Disposition: Core Terms
trial court, paternity, child support, cross-examination, sexual, paternity test, minimum wage, conceived, notice, male
Case Summary
Procedural Posture
Appellant ex-boyfriend challenged the judgment of the 202nd Judicial District Court of Bowie County, Texas that declared him the father of his ex-girlfriend's son and ordered him to pay child support.
Overview
Appellant ex-boyfriend and his ex-girlfriend had a sexual relationship and she gave birth to a son after the relationship ended. The state brought a paternity suit against appellant. The lower court found that appellant was the biological father of the child and ordered him to pay child support. Appellant sought review of the decision. The court affirmed the decision of the lower court because evidence of the ex-girlfriend's sexual relations was properly limited to the time of conception. The court found that the letter the mother had written, which raised a question as to when the couple broke up, was more prejudicial than its probative value and, therefore, it was not error to exclude it. The court held that the paternity test was admissible because it showed a possibility that appellant was the father. The court also held that the jury instruction to disregard comments by the trial judge was sufficient to cure any negative effect it may have had.
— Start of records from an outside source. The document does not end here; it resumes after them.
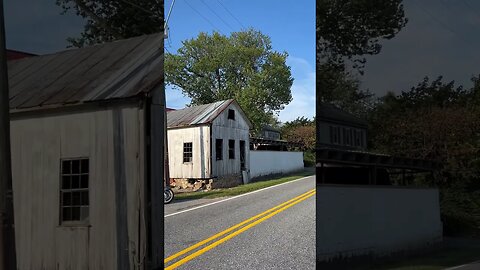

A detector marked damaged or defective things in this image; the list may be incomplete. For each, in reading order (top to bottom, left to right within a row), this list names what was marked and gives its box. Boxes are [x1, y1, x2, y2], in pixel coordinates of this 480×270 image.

rusted metal roof [7, 33, 164, 112]
rusted metal roof [167, 99, 236, 128]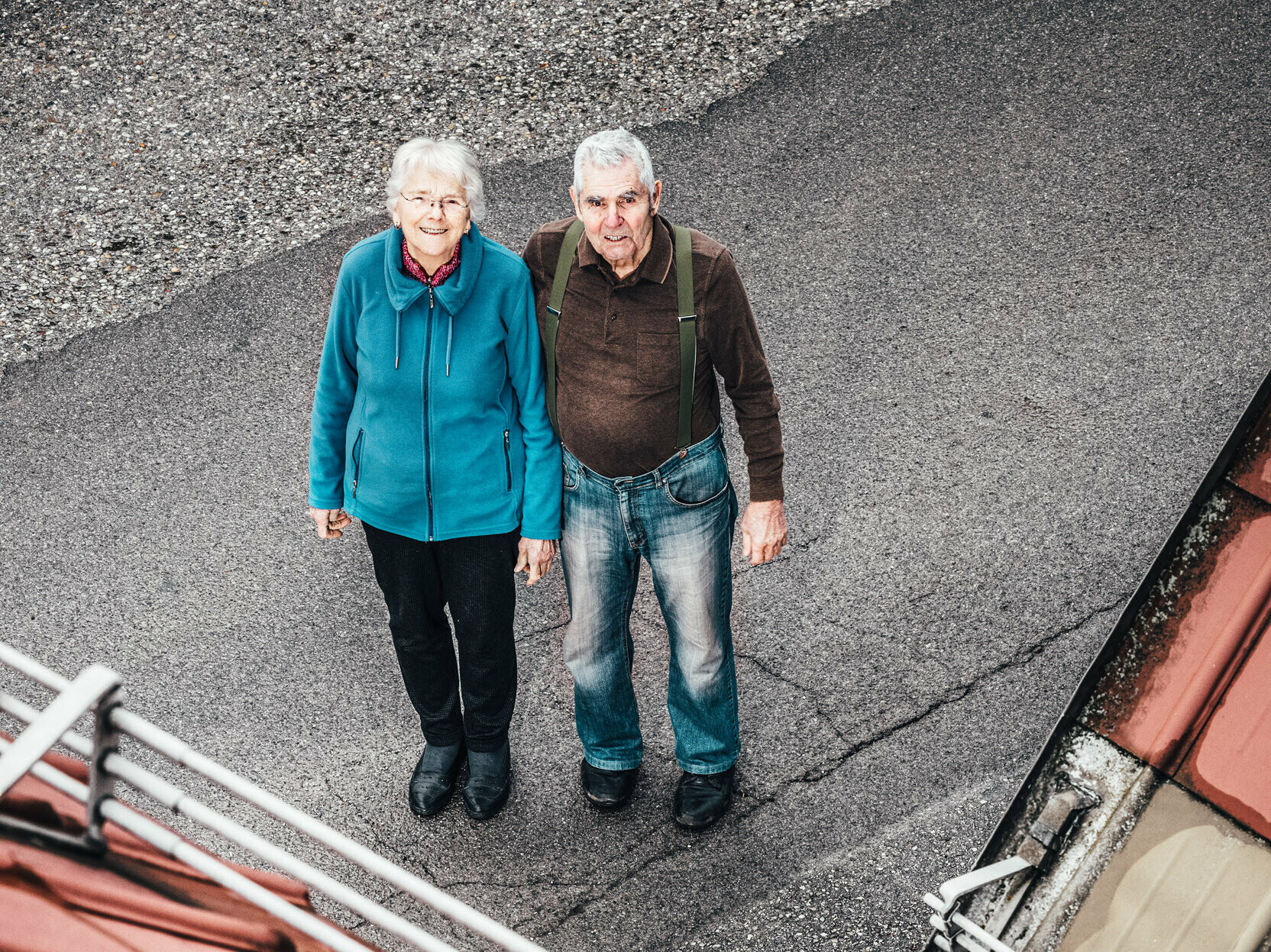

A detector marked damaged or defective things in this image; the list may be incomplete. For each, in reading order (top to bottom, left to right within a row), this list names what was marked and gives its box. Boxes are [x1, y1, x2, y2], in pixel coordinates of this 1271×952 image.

crack in asphalt [536, 589, 1134, 930]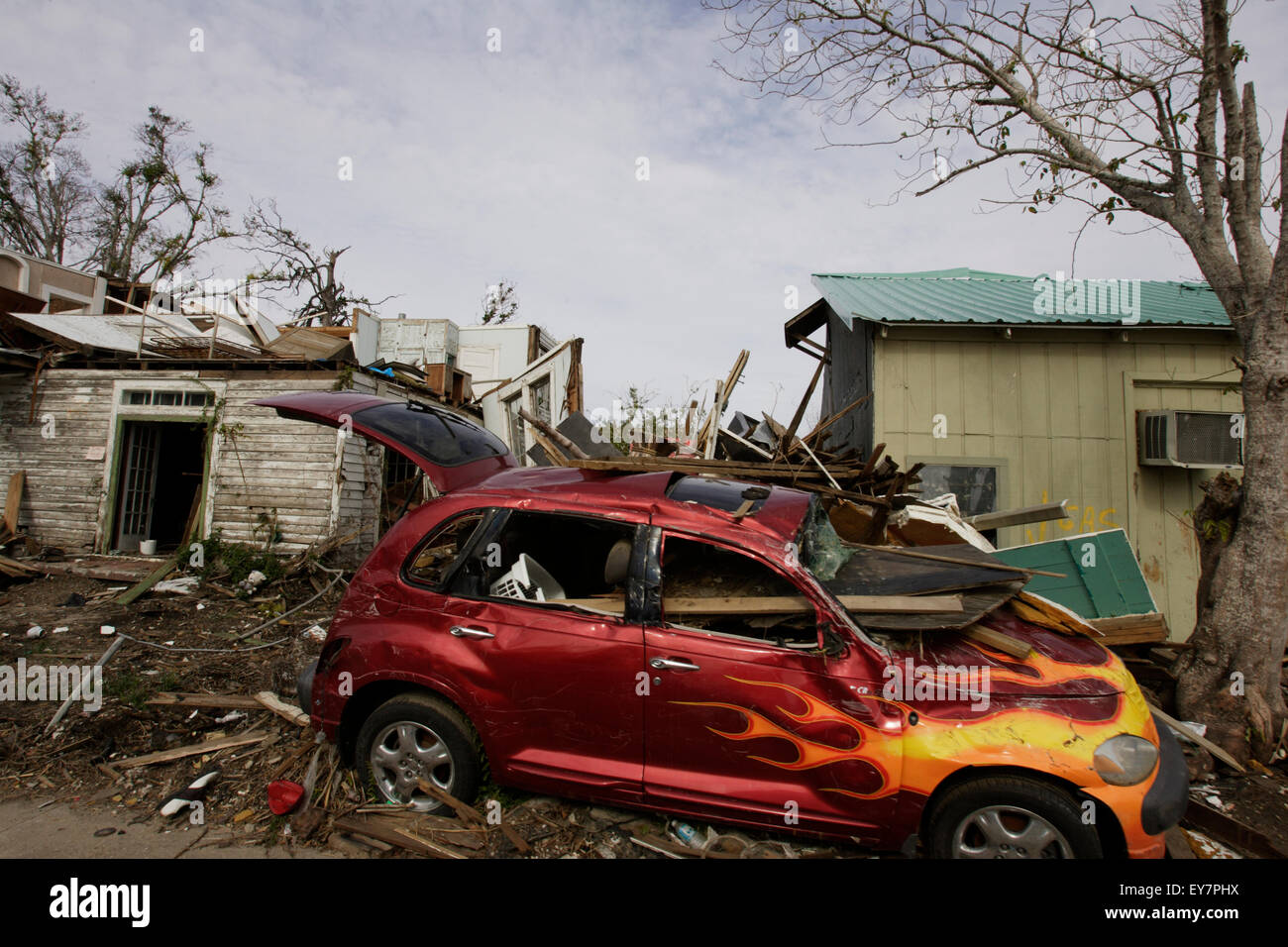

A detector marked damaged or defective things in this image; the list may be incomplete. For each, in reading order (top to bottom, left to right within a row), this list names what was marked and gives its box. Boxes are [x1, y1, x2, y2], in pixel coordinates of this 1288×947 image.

broken car window [659, 533, 818, 652]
The court found that evidence of appellant's prior employment coupled with his ability to be employed was sufficient to support the child support order.
Outcome
The court affirmed the order of the lower court that declared appellant father the biological father of his ex-girlfriend's son and ordered him to pay child support because the paternity test showed the possibility that appellant was the father and there was sufficient evidence to justify the child support order.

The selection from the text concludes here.